The lot sat empty for a year, then we rebuilt a small house in the footprint of the previous one. My brother lived in this house until his sudden death in February of 2020.
In January of 2022, I moved back with my spouse and our 3-month-old baby. The land has been totally transformed by fire and time and trauma. I move through a remembered dream landscape, my current life happening one step up and to the left of my past life.
2. Process
I’ve been a farm worker for the last ten years, and know how to relate to a place through cultivation, planting and harvesting and eating,. Here, I’m afraid to plant anything because an entire house and 25 years of its contents melted into the ground where the yard is now.
I think of myself as a botanist, and it’s been hard for me to turn toward alternate modes of knowing. As a lifelong seasonal worker, it’s also hard for me to think about a timescale where nothing will visibly happen for years. It’s all hard. Every time I step in or out of the door I think about my brother here alone and lose my breath. At least sawing down mimosa trunks and cutting blackberry brambles is hard in an obvious way. This is the work I do when I can’t figure out a path to get to any of the other work.
3. Transects
I think of the specific interventions I’m producing here as transects - choosing an arbitrary line, or points on a line, and looking at them as representative cross-sections in time. At this point, my grief is diffuse and intangible. At this point, it persists if you know how to read it. At this point, it is impossible to ignore.

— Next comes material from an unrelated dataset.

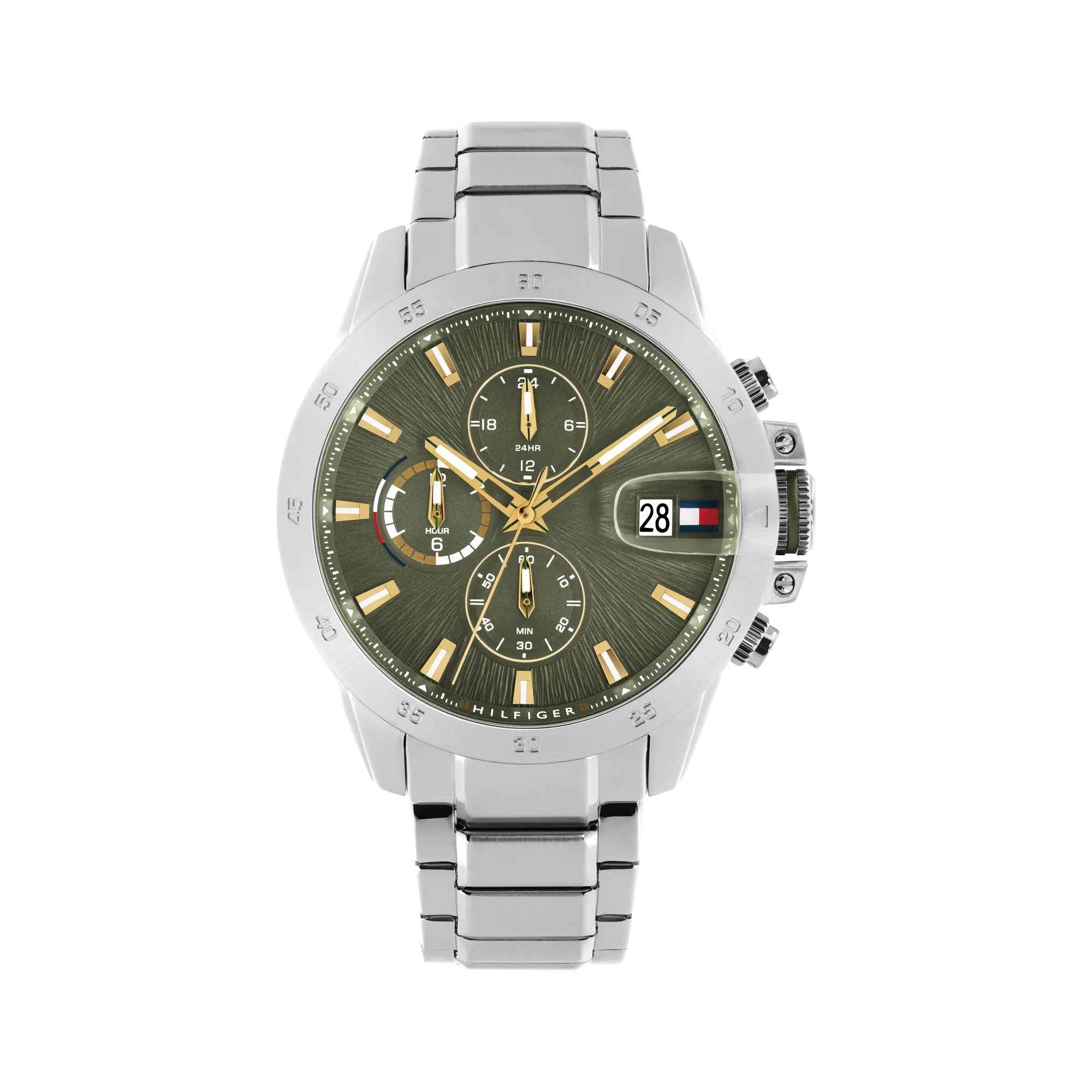 Tommy Hilfiger Jameson Quartz Watch 1792197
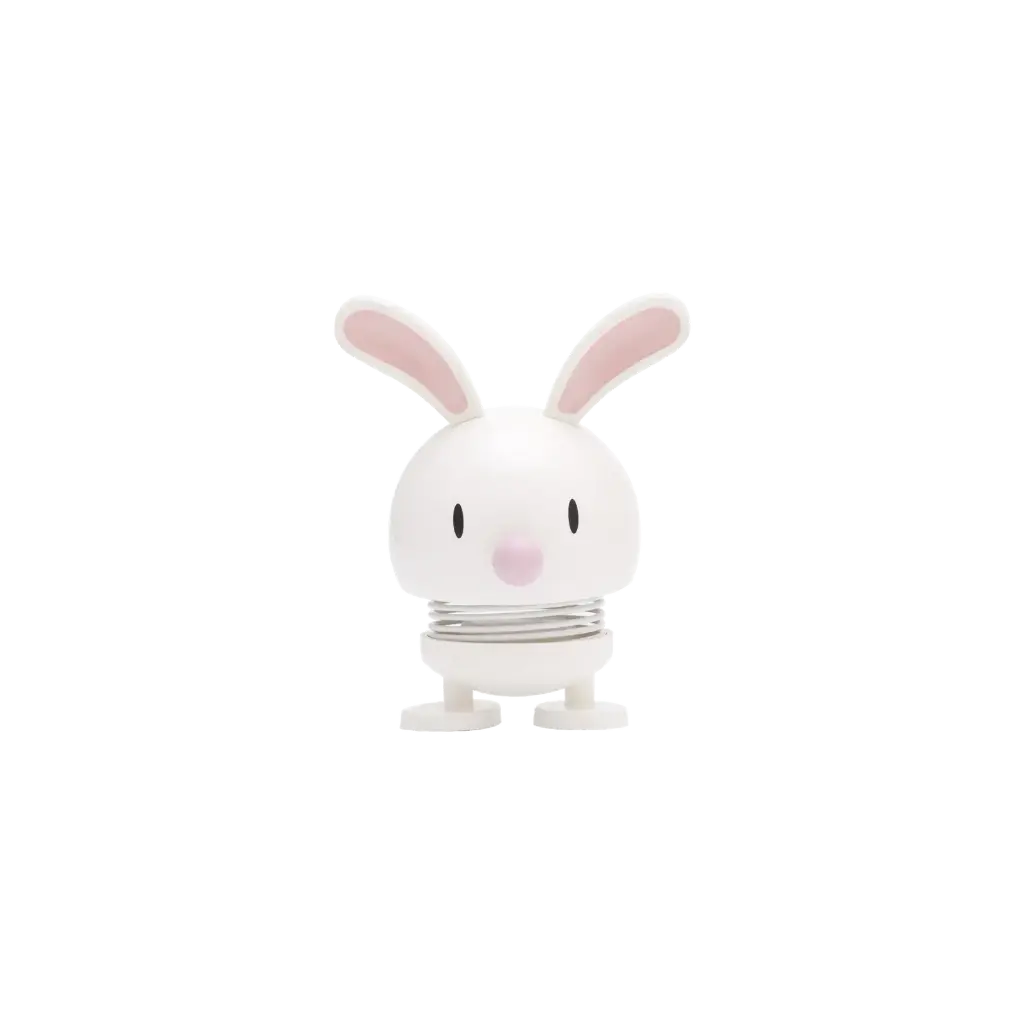 Hoptimist Lapin Blanc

I’m experimenting with ways to depict an image that changes over time, through encounter, in the same way a memory changes through repeated recall. I want to preserve my brother’s memory here, his impact, without leaving his ghost trapped or exposed. How can I fix and depict his image while holding a pocket of privacy and fluidity, his life’s work of refusal and undefinition?
How do I do the same thing for myself? I have a towering mountain of grief that is also a regular mountain no matter how I feel about it. How do we live on the mountain?